* _PROBLEM TO SOLVE_
Among the entries below, only the lines from the one with "NWT Michael Costello x" through the one with "Carta da parati note musicali astratte" are wanted, reproduced exactly. Pictures are not wanted.

[Image-text web data]
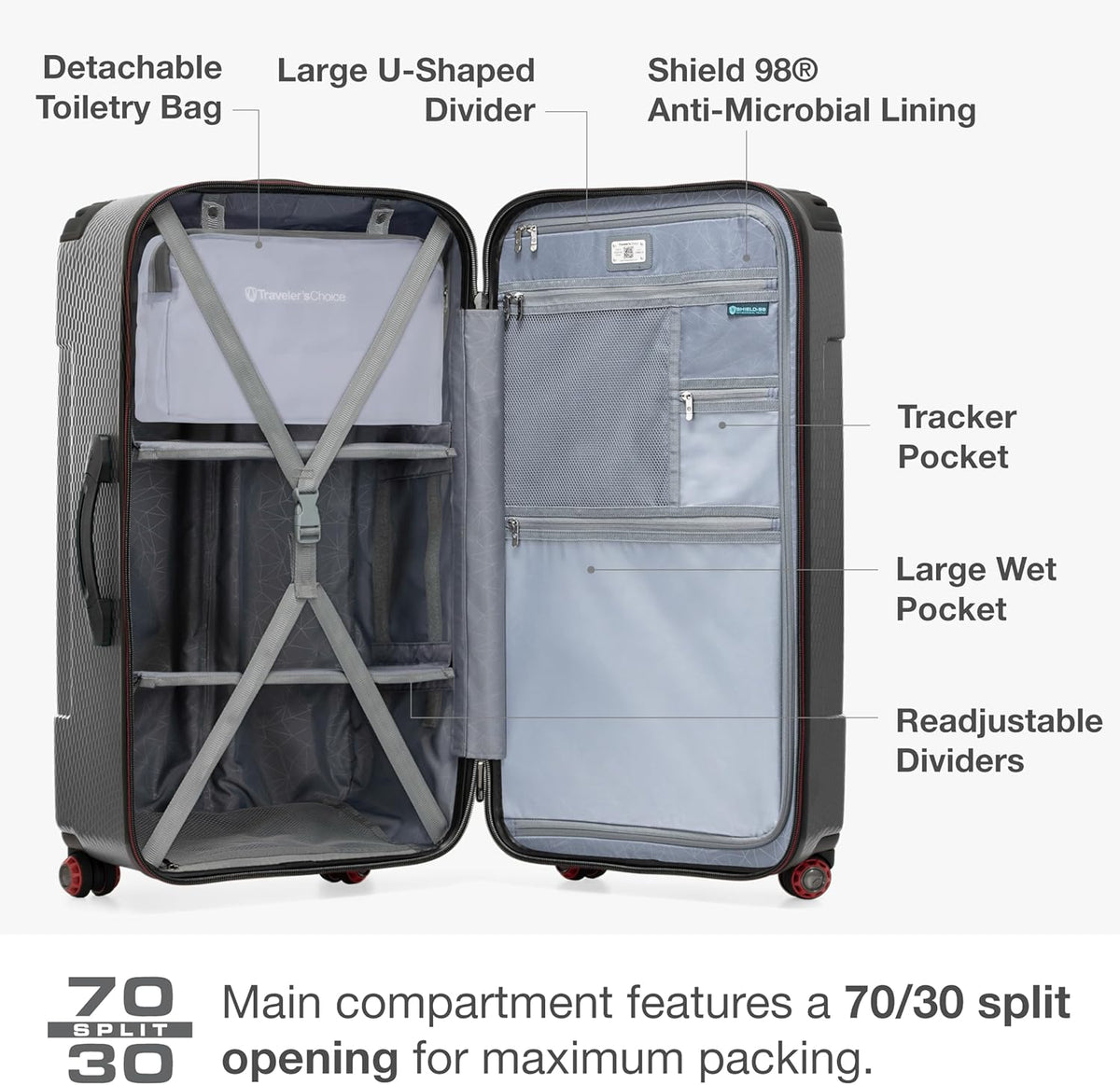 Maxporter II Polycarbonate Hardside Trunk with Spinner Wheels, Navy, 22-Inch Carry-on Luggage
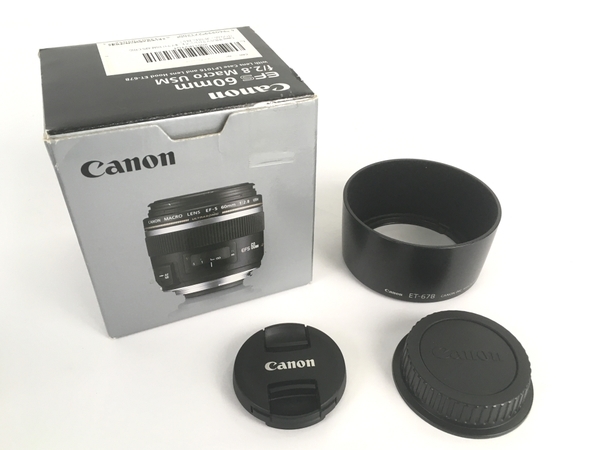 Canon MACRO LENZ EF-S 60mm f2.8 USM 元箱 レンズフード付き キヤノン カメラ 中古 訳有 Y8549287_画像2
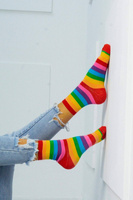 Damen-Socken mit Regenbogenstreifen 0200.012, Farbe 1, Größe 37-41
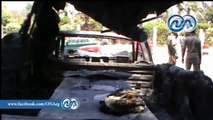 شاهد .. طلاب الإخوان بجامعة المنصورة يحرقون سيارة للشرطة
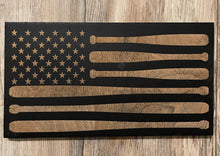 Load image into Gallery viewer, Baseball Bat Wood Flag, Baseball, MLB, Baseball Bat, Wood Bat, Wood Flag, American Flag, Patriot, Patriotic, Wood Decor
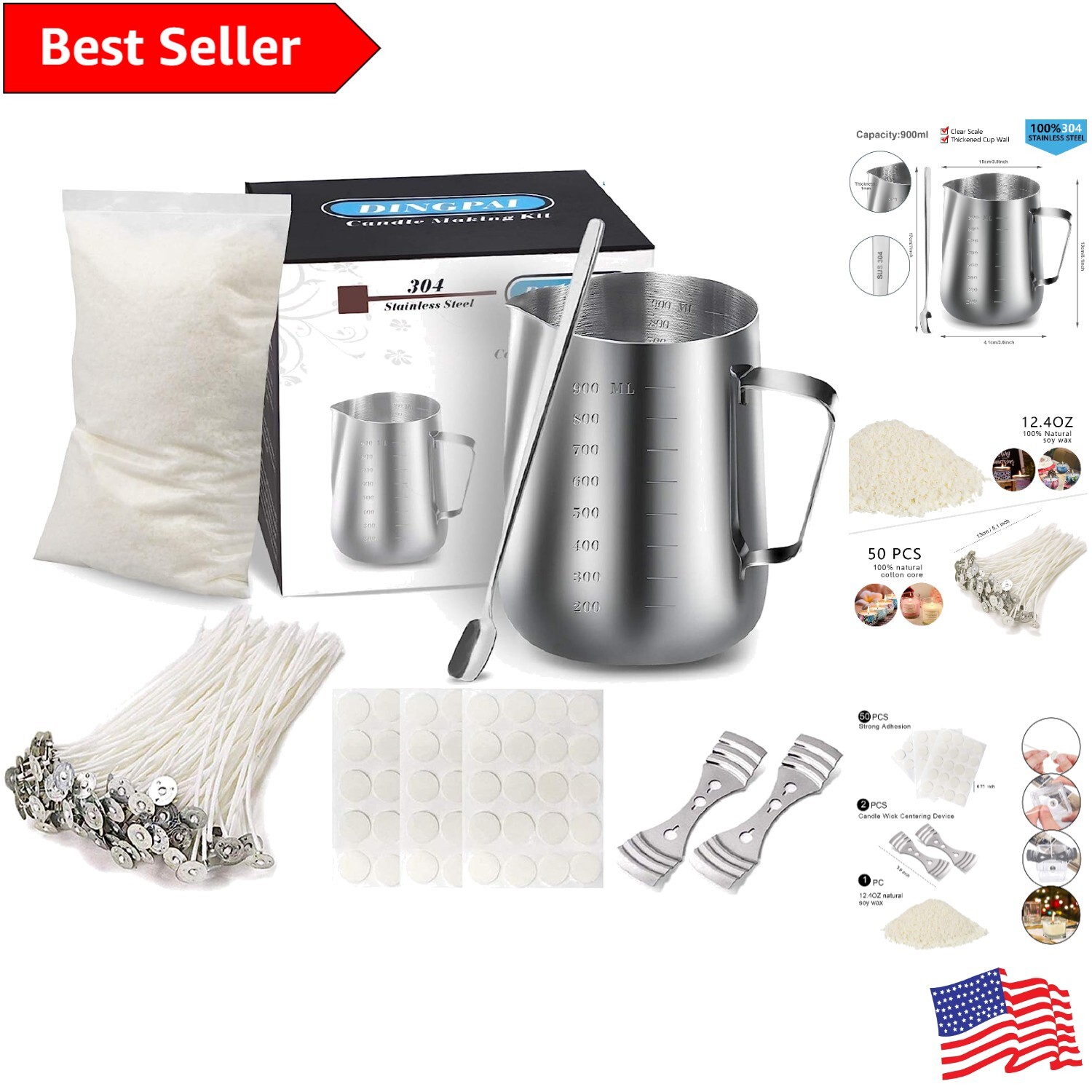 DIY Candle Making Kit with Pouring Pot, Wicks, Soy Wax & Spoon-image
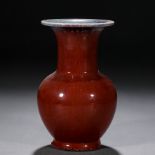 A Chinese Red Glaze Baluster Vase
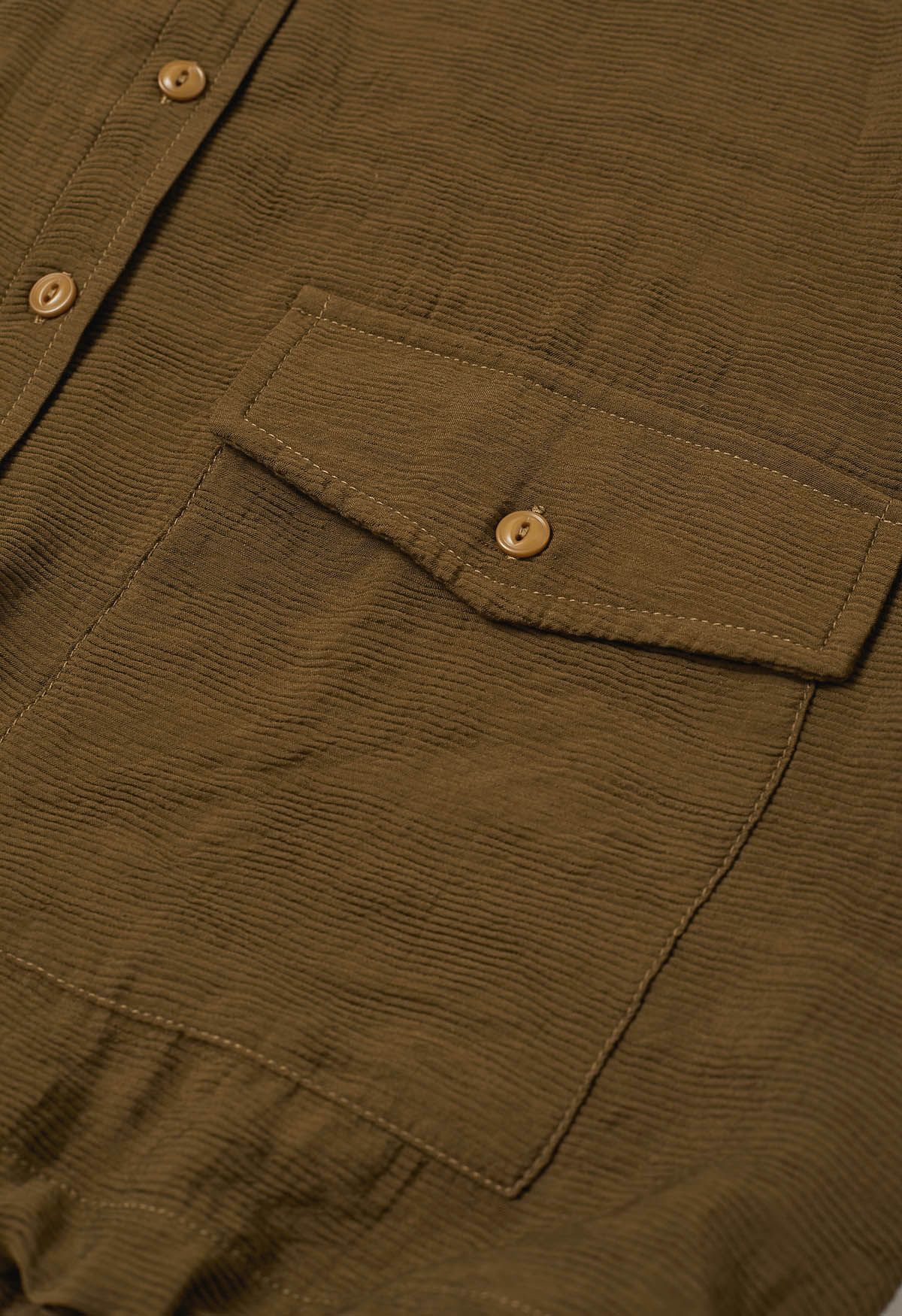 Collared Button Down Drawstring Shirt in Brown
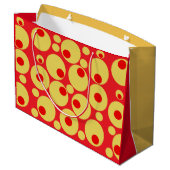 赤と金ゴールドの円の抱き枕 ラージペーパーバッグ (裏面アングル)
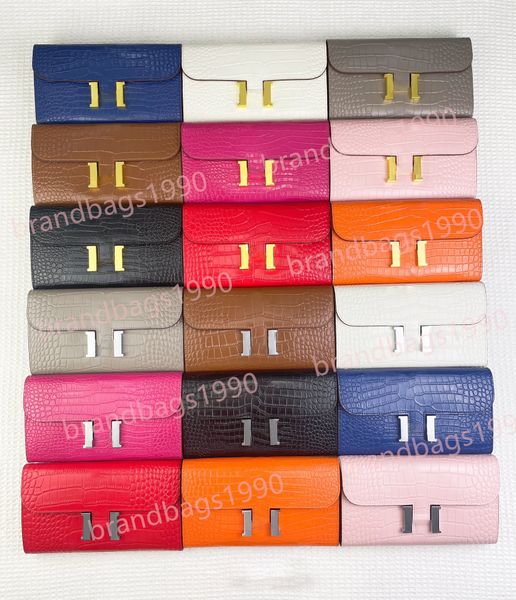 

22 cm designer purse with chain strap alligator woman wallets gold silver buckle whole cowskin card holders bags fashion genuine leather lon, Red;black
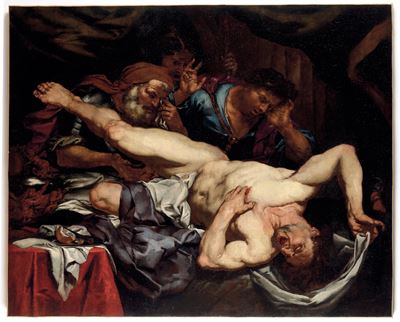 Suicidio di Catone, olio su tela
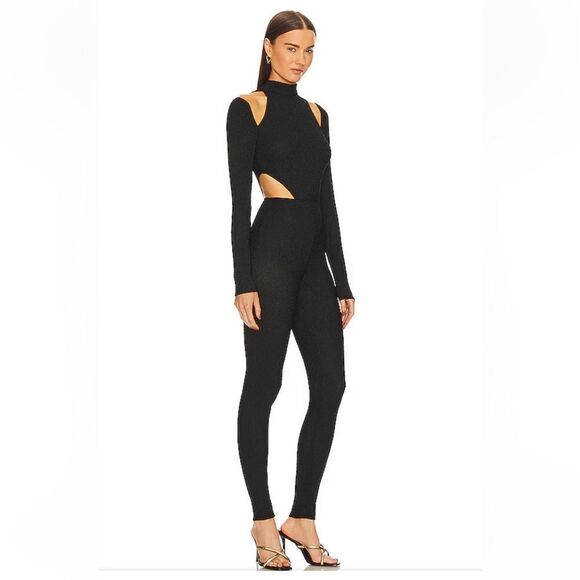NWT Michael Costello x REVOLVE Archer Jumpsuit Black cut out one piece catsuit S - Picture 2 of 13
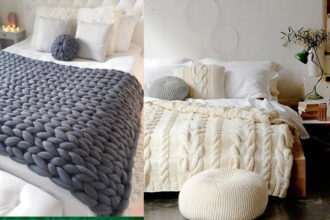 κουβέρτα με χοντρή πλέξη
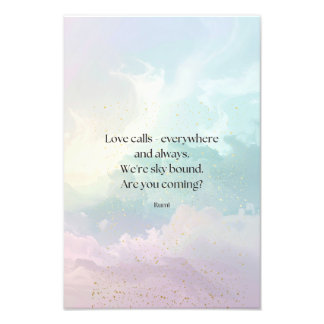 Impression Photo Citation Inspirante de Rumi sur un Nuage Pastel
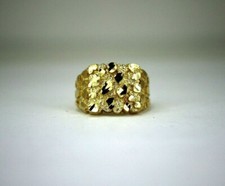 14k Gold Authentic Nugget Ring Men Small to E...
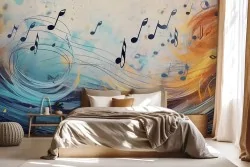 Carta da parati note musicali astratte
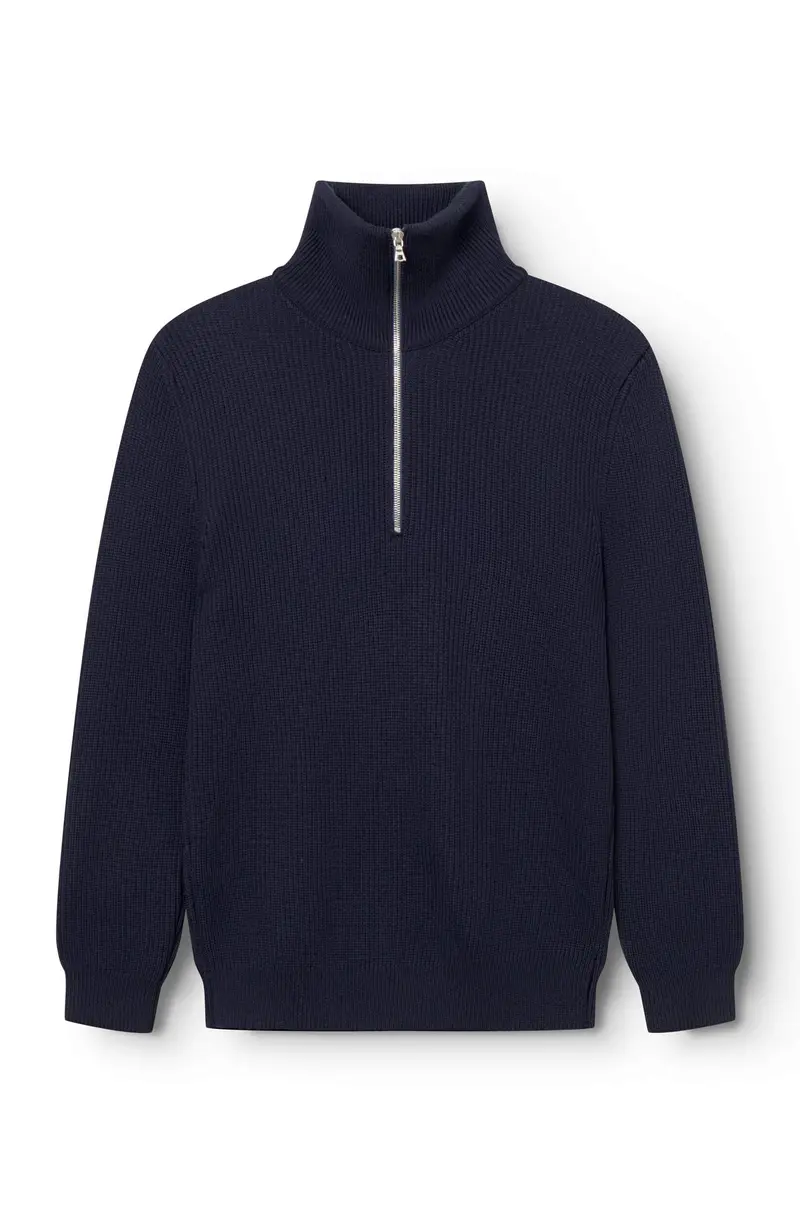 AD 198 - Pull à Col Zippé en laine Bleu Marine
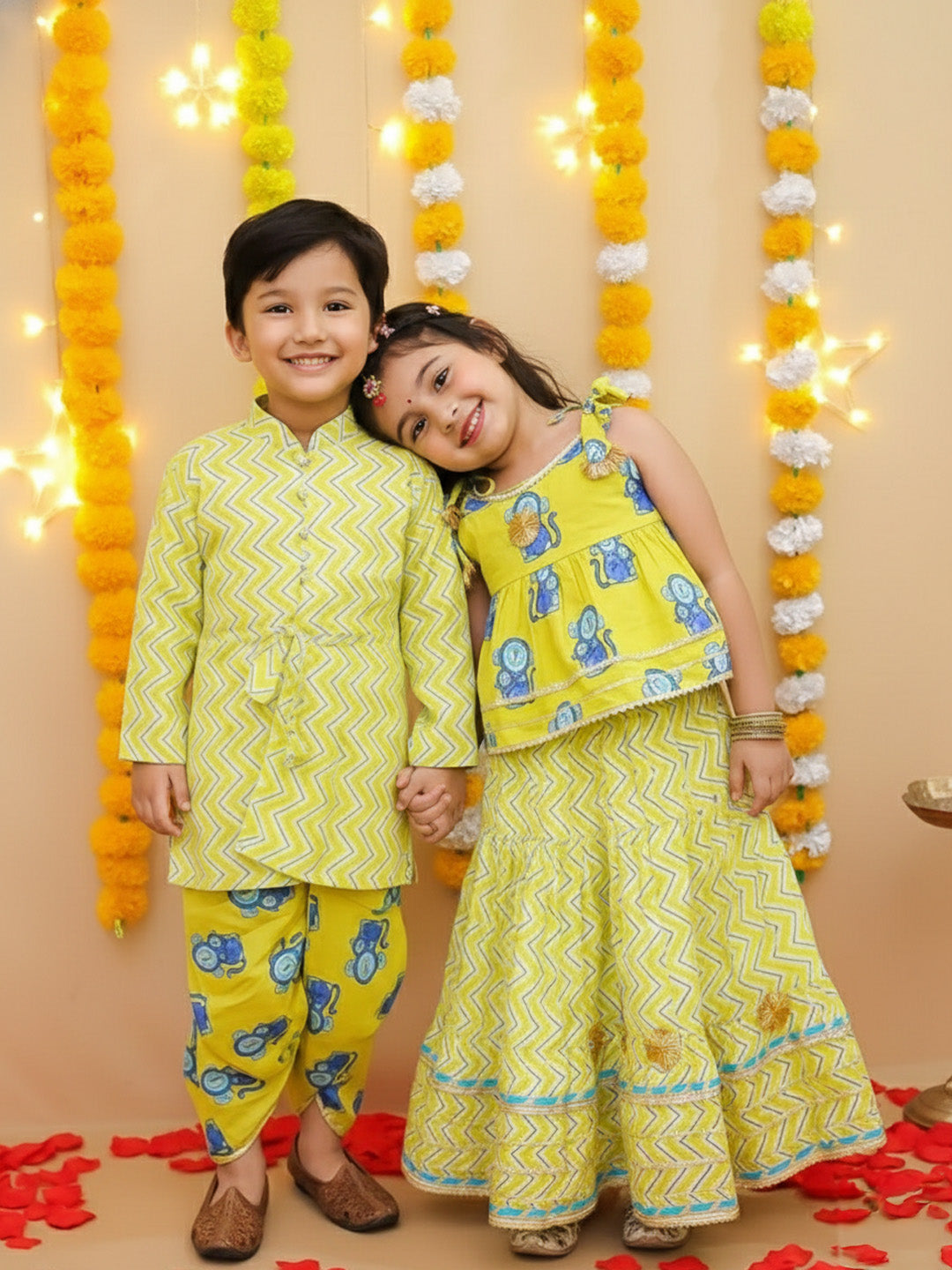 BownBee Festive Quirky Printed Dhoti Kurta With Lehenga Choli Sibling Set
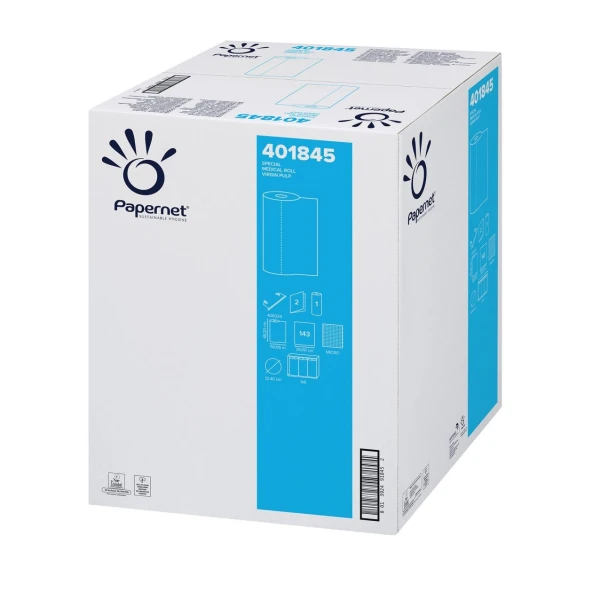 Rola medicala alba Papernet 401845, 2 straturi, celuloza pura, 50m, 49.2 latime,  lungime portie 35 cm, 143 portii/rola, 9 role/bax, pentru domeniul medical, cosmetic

* _SOLUTION FOR THIS TASK_
NWT Michael Costello x REVOLVE Archer Jumpsuit Black cut out one piece catsuit S - Picture 2 of 13
 κουβέρτα με χοντρή πλέξη
 Impression Photo Citation Inspirante de Rumi sur un Nuage Pastel
 14k Gold Authentic Nugget Ring Men Small to E...
 Carta da parati note musicali astratte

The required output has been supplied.